-- Opening Marker --
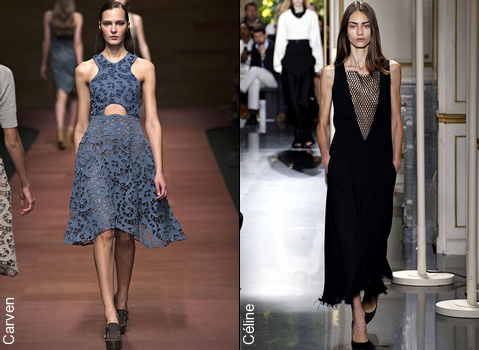 Tendances printemps/été 2013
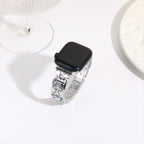 Williane Skiva Colorful zircon bow Apple Watch Strap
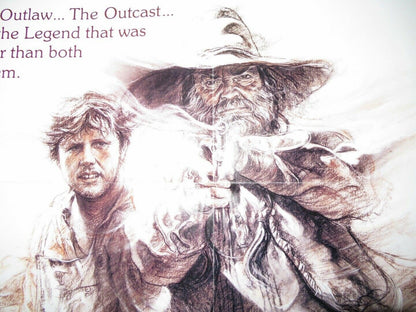 BARBAROSA US ONE SHEET POSTER WILLIE NELSON GARY BUSEY 1982 Movie posters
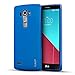 J&D Case Compatible for LG G4 Case, [Drop Protection] [Slim Cushion] Shock Resistant Protective TPU Slim Case for LG G4 Bumper Case - [Not Compatible with LG Stylo 4] - Blue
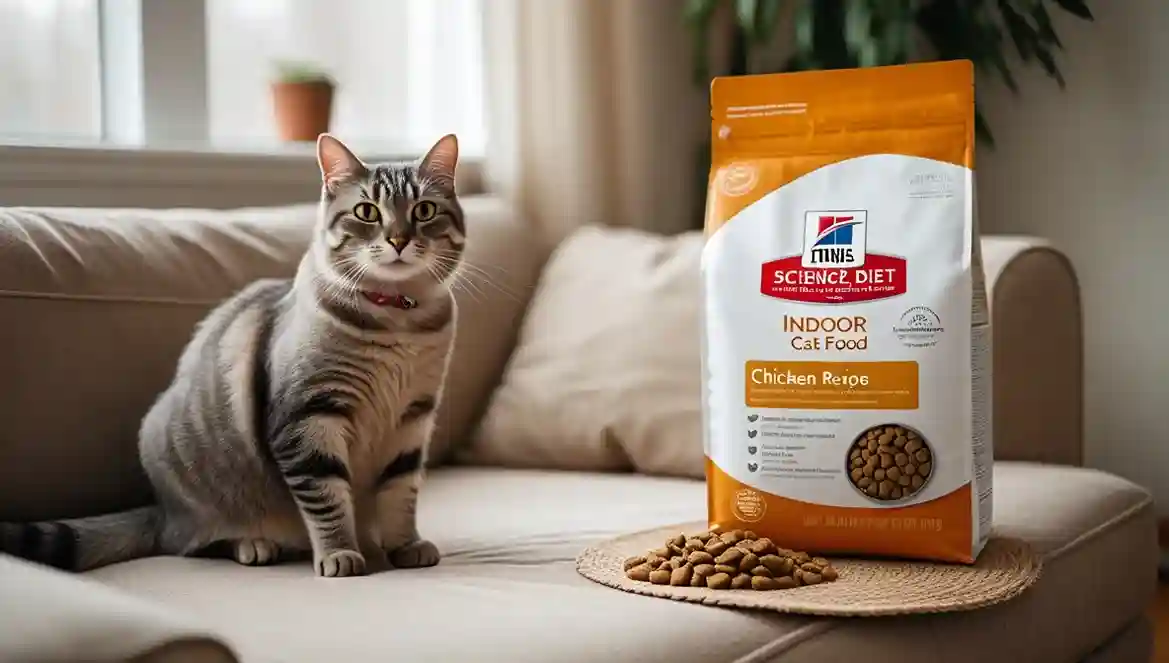 Hill's Science Diet Indoor Cat Food Review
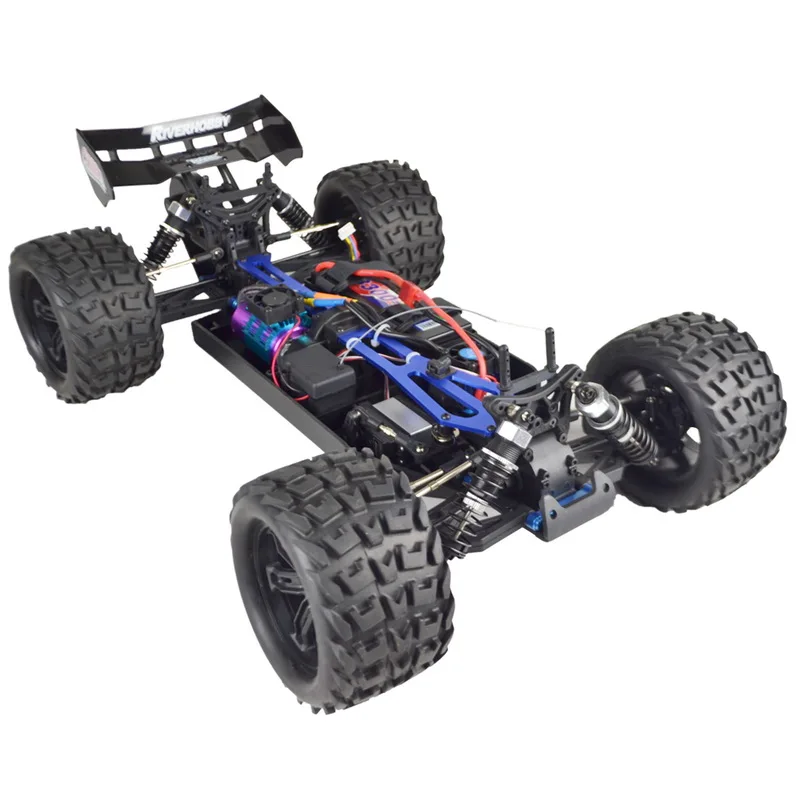 VRX Racing RH818 Cobra 1/8 Scale 4WD Electric Brushless RC Truck, RTR W/60A ESC/3660 Motor/ 11.1V 3250mAH Lipo Battery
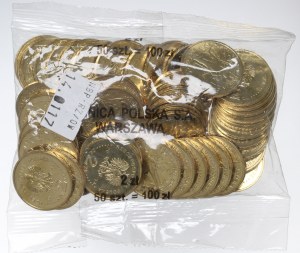 III RP, Mint bag 2 gold 2014 - Polish Olympic Team Sochi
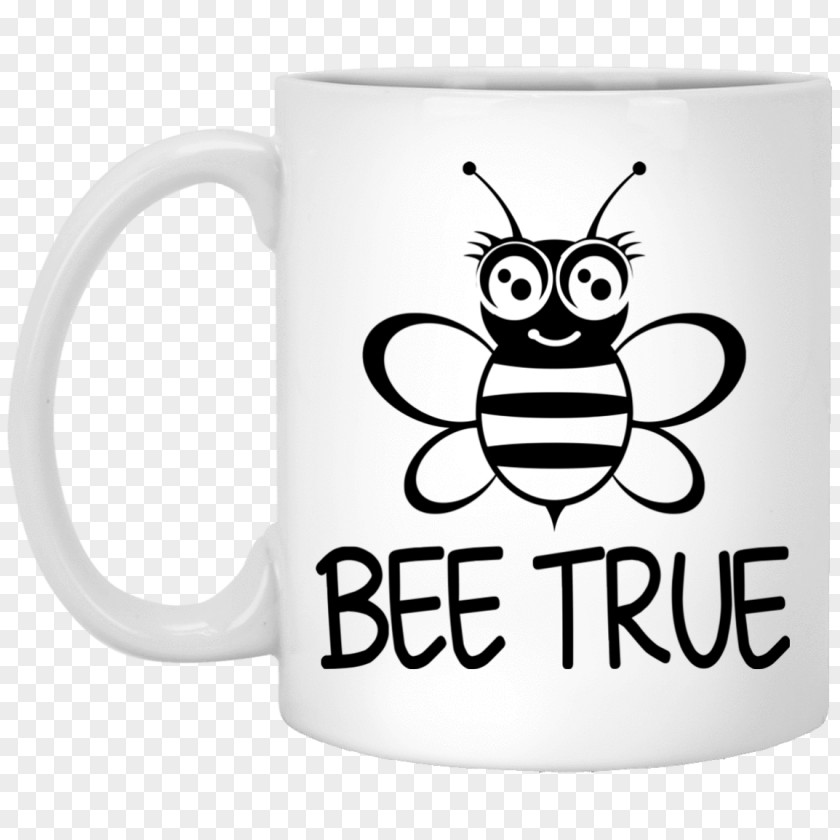 Mug Be You Coffee T-shirt Bee PNG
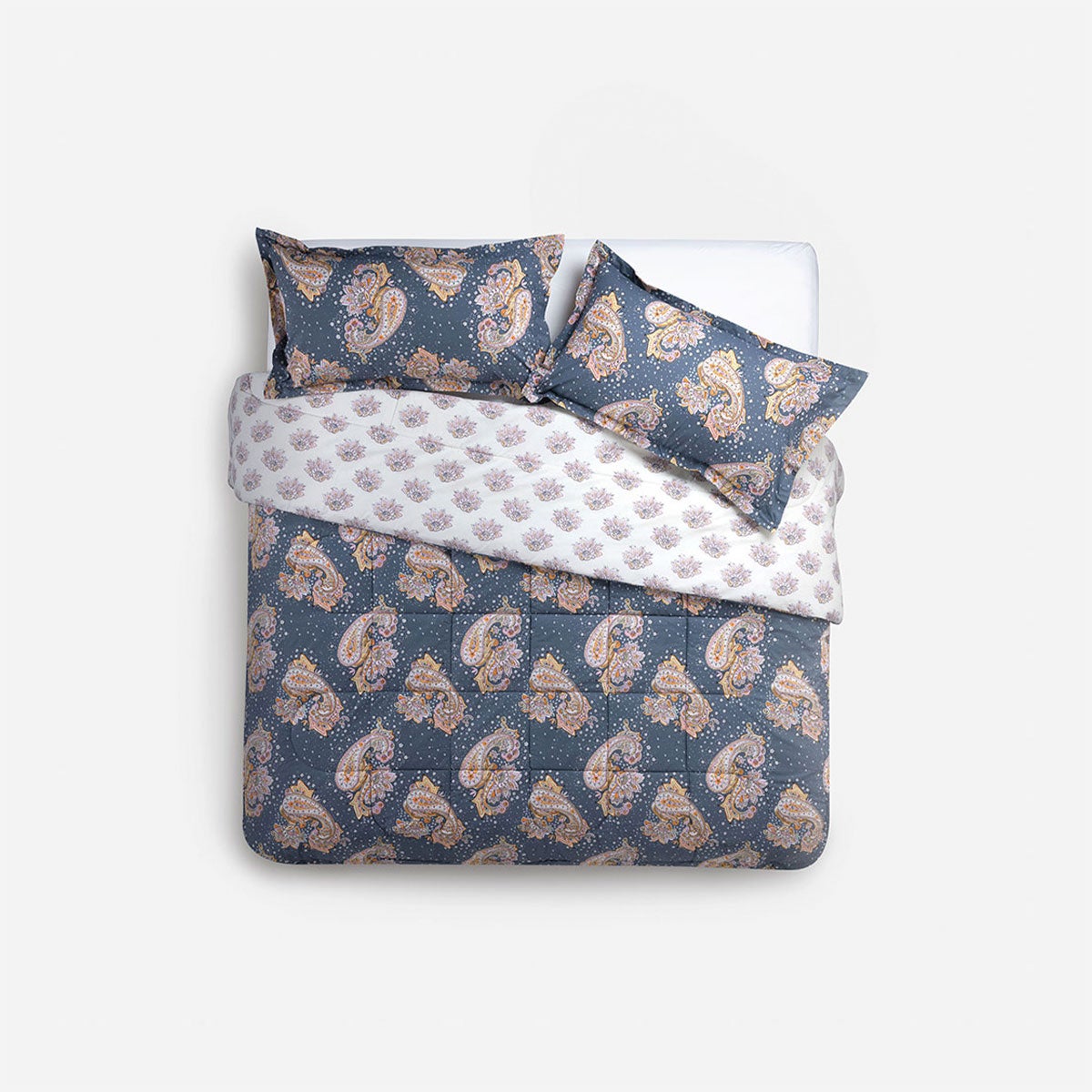 Plumón Polycotton Stitch Brunnera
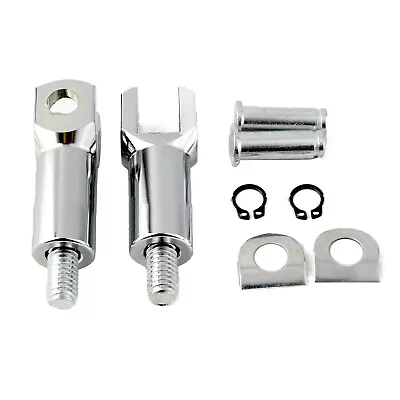 1Set Foot Peg Support Mounts Accessories For Harley Davidson Softail 2000-06 • $29.88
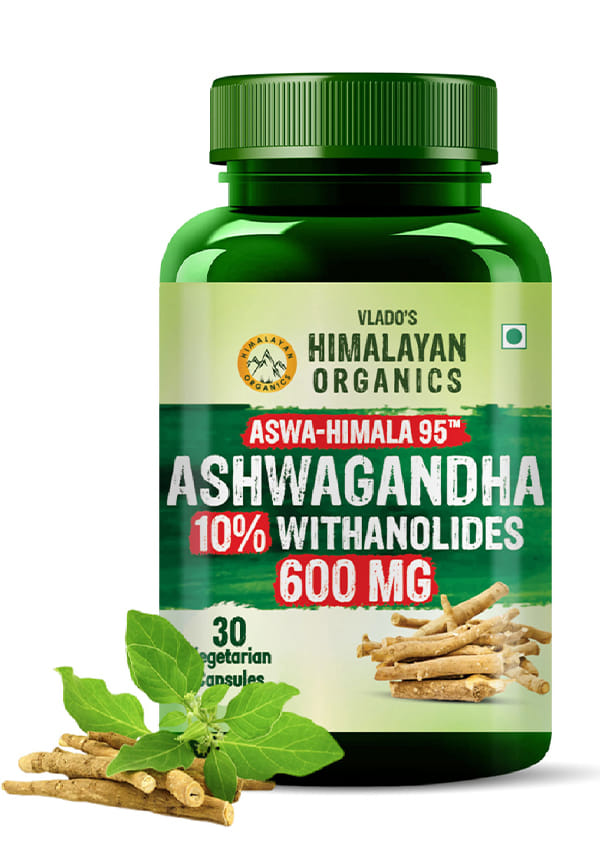 Pure Ashwagandha - 10% Withanolides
-- Closing Marker --
Task goal: Would you reproduce the lines from the one with "Mug Be You Coffee T-shirt Bee PNG" through the final line of the data above, exactly and only those, without any pictures?

Output below:
 Mug Be You Coffee T-shirt Bee PNG
 Plumón Polycotton Stitch Brunnera
 1Set Foot Peg Support Mounts Accessories For Harley Davidson Softail 2000-06 • $29.88
 Pure Ashwagandha - 10% Withanolides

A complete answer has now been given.